Un estratto di questo articolo è stato pubblicato su AdviseOnlyBlog nella rubrica #IlGraffio in data 20.4.2015.
Nella
definizione di spesa pubblica si includono spese correnti, interessi,
investimenti; rapportata al PIL, la spesa pubblica nel 2014 è stata di 817,5
miliardi di euro pari al 51,1%; era il 25,0% nel 1954 ed è via via cresciuta
negli anni: ha superato il 30% nel 1996, il 40% 1981, ha sfondato il 50% per la prima
volta nel 1990 per poi ridiscendere sotto il 50% stesso nel 1997, e ritornare
sopra il 50% dal 2012; prima osservazione: nella serie dal 1954, in nessun
anno le entrate (imposte dirette, imposte indirette, contributi sociali, altri
ricavi) sono state superiori alle spese, determinando quindi una serie
ininterrotta di “deficit” (con una differenza massima fra spese ed entrate di
11,6 punti di PIL nel 1988). Le entrate fiscali erano il 23,1% del PIL nel 1954;
hanno superato il 40% nel 1990; sono il 48,1% del PIL nel 2014. Se “sommiamo”
tutti i deficit dal 1954 al 2014, arriviamo ad un valore che è 3,15 volte il
PIL 2014.
La spesa
pubblica italiana è assai elevata in assoluto ed in percentuale del PIL, con un
grosso “ma” quando la si raffronta a livello europeo: la “spesa pubblica totale”
(tutte le spese correnti inclusi stipendi, investimenti, pensioni, sussidi,
interessi) è infatti il 51,1%: in Europa, livelli più elevati di “spesa pubblica
totale” vi sono in Francia (57,3%), Svezia (54,6%), Belgio (54,1%); la Germania
è al 44,1%; se si analizza la “spesa pubblica primaria”, escludendo pensioni ed
interessi (che dipendono da “scelte del passato”), la percentuale sul PIL della
spesa italiana è il 28,8%: la Svezia è al 41,9%, la Francia al 39,1%, la
Germania al 30,1%. Una seconda osservazione è quindi che in Italia il costo per
interessi e per pensioni è più elevato che in altri paesi europei, poiché “vale”

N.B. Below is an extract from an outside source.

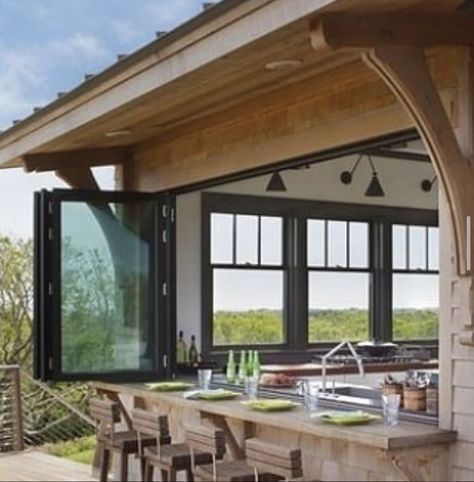 Kitchen Window Bar, Kitchen With Bar, Pass Through Window, Window Bars, Converted Garage, Hill Country Homes, Outdoor Kitchen Decor, Indoor Outdoor Kitchen, Casa Country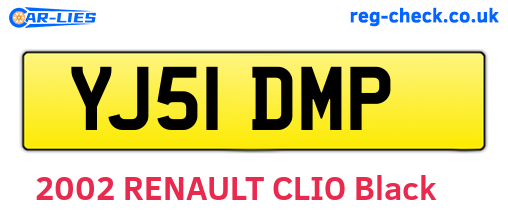 YJ51DMP are the vehicle registration plates.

il 20% di PIL, mentre in Germania “vale” il 14% ed in Svezia il 12,7%.
Ma come si
compone la spesa pubblica? Dalla sua analisi si traggono utili osservazioni
(che sta al governo ed alla politica ben utilizzare; la storia degli ultimi 60
anni depone in senso contrario, peraltro).
Gli 817,5
miliardi di spesa pubblica nel 2014, per livello di governo, sono così composti
(fonte Istat):
323,7 miliardi
(il 39,6%) per la previdenza (pensioni)
264,9 miliardi
(il 32,4%) per costi delle amministrazioni centrali (e.g., ministeri,
giustizia, difesa, …)
111,2 miliardi
(il 13,6%) per la sanità
66,2 miliardi
(l’8,2%) per i comuni
41,7 miliardi
(il 5,1%) per le regioni (esclusa la sanità, sopra indicata)
9,8 miliardi (l’1,2%)
per le province (recentemente oggetto di una norma di “abolizione”)
Nella spesa
pubblica sono inclusi gli investimenti, che per il 2014 sono stati 31,1
miliardi (il 3,8% del totale della spesa pubblica), per la maggior parte
effettuati dagli enti locali (572,2 miliardi, il 70%), e poi a quelli centrali
(201,9 miliardi, il 25,8%); gli investimenti per la difesa sono stati 8,9
miliardi.
Una “spending
review” dovrebbe concentrarsi su tutte le voci di spesa, per quanto difficile
possa essere “incidere” (i mezzi dovrà indicarli la politica e non solo la
tecnica) su voci come le pensioni, che assorbono 40 euro per ogni 100 spesi
dallo stato; l’azione del governo si è sinora concentrata su una voce “facile”
come quella delle province, forse perché toccava solo l’1,2% del totale della
spesa, ma aveva un suo “peso mediatico” dando l’idea che “si faceva sul serio”.
Ma per uno stato che negli ultimi 60 ha speso sempre più di quanto ha incassato
“ci vuol ben altro”, anche se forse un deficit del 3% (differenza fra il 51,1%
di spesa sul PIL ed il 48,1% di entrate fiscali sul PIL) non è che “una goccia
in un mare” di risorse sottratte ai cittadini in 60 anni; ma ricordarsi le
dotte parole di un senatore del regno (Maffeo Pantaleoni, morto nel 1924, 90
anni fa) non farebbe male: ""Qualunque imbecille può inventare e imporre
tasse. L'abilità consiste nel ridurre le spese, dando nondimeno servizi
efficienti, corrispondenti all'importo delle tasse.""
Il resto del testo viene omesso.